Storm water, rain water collection
Plan the pond in such a way that run-off water does not enter the pond during heavy rains, bringing with it all the lawn fertilizers, compost, manure and poisons into the pond. Some people collect rainwater in plastic tanks and effect the pond’s water changes with this collected rain water. In most areas of the country, rain water is slightly acidic with very little buffering capacity. Furthermore pollution accumulates on the roofs and during rainfall it is washed into the holding tank and ends up in the pond. I do not recommend this practice, but if it is important to you, test the PH of the holding facility frequently and also test for heavy metals.

Plants and trees
You should keep the pond away from large trees as the roots will seek out water and can damage the pond. Bamboo also has the same effect and will soon put down long roots that will easily penetrate a pond. Many of the plants we see in our gardens are poisonous and one should be very careful where they are planted. However one has to sometimes accept the inevitable and if your neighbour has a 40 foot Silver oak in his garden there is not much you can do about it. The ideal situation is to stay clear of large trees especially deciduous ones that will really create problems in autumn.

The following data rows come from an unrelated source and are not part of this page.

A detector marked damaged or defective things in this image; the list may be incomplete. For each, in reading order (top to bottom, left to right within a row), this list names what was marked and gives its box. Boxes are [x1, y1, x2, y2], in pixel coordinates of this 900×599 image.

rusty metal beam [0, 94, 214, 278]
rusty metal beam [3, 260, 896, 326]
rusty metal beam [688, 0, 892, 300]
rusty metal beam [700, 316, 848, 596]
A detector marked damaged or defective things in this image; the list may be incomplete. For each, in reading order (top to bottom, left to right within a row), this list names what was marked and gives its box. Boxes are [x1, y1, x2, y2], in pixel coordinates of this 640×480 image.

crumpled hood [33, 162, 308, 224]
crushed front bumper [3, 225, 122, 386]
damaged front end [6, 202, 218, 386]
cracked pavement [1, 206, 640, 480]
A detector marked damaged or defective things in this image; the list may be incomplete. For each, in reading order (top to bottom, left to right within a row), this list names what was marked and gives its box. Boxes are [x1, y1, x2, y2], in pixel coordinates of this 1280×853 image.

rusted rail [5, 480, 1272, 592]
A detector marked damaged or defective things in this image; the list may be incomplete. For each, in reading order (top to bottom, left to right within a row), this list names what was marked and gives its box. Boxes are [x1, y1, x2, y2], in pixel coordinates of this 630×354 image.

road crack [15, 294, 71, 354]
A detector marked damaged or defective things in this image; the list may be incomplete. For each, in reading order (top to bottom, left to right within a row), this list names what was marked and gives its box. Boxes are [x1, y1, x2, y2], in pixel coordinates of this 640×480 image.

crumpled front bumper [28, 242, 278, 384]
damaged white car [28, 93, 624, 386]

Some part of a garden may be planted with high maintenance plants that require frequent spraying with chemicals to rid them of aphids etc. Consider the types of plants and avoid a pond close to them or replace them.

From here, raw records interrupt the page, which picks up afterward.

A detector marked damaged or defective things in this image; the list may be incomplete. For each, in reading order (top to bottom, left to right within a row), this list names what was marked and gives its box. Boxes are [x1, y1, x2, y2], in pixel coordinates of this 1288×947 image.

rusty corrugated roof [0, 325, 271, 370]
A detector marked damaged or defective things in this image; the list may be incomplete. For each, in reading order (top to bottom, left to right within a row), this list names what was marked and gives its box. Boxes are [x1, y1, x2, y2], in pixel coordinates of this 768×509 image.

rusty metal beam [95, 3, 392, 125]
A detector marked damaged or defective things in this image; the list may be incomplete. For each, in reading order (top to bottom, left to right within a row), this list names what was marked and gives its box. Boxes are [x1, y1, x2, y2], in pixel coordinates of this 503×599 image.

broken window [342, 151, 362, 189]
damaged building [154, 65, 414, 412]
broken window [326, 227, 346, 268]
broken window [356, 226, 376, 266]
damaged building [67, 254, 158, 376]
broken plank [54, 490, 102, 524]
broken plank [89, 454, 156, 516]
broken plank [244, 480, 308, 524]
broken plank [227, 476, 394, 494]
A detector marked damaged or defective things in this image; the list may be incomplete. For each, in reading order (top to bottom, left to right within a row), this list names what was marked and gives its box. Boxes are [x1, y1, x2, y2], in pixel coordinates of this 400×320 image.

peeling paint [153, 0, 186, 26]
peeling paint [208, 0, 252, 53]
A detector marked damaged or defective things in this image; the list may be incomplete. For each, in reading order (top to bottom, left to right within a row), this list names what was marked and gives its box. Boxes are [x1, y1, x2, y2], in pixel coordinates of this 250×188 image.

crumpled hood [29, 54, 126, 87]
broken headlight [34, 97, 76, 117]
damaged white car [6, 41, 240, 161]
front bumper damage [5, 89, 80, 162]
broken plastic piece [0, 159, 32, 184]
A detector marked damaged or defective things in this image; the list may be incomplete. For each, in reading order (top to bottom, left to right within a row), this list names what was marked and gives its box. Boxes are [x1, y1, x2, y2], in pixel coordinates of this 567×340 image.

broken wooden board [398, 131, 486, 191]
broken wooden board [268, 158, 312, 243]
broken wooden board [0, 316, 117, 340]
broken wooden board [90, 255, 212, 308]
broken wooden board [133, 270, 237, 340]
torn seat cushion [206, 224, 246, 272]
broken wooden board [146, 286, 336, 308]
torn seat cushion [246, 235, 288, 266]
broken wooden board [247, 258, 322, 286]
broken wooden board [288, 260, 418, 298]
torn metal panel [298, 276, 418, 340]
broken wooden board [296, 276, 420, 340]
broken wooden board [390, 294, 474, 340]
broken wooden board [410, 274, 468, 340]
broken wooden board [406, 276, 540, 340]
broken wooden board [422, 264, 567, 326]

Safety is another important consideration especially if you have young children. Your children may be grown up, but you have to consider you may have grandchildren. There is also the danger of children getting into the garden from next door. Children are very persistent when there is water around, and they cannot be watched all the time. Some bylaws require a pond or pool to be fenced.

Electrical points
It is a bonus if the pond can be constructed close to an electrical outlet. It will save some cost.

Water mains
If the water mains runs close to the pond site it will also save some cost. If you are lucky enough to have a borehole on the property, good for you but have it tested to determine the suitability for keeping Koi.

Soil conditions
The soil conditions will determine the eventual construction of the pond, especially the foundation, floor and backfill outside the pond walls. In areas where clay are encountered, it is better to build the pond on a “floating platform” that can move with the shrinking and expanding of the clay during wet or dry conditions.

Water table
If the water table in your area is high, it will be necessary to have additional space during construction where you can dig a drainage pit to assist in pumping the water away from the excavation.

Waste water runoff
It is also beneficial if the pond is constructed fairly close to the storm water drainage system. This is particularly important for the filter system that should be flushed on a regular basis. Believe me; it is nice to dispose of the filter sludge into the garden for the first few times until you get a call from the neighbours, or until your plants start dying off. Some plants cannot handle the pond waste, especially after you have salted the pond water.

Filter layout, hidden or under decking
When the pond site has been considered, remember to allow enough space for filter construction. The bigger, the better. Is there enough space where it can be hidden or will it be possible to conceal it below decking?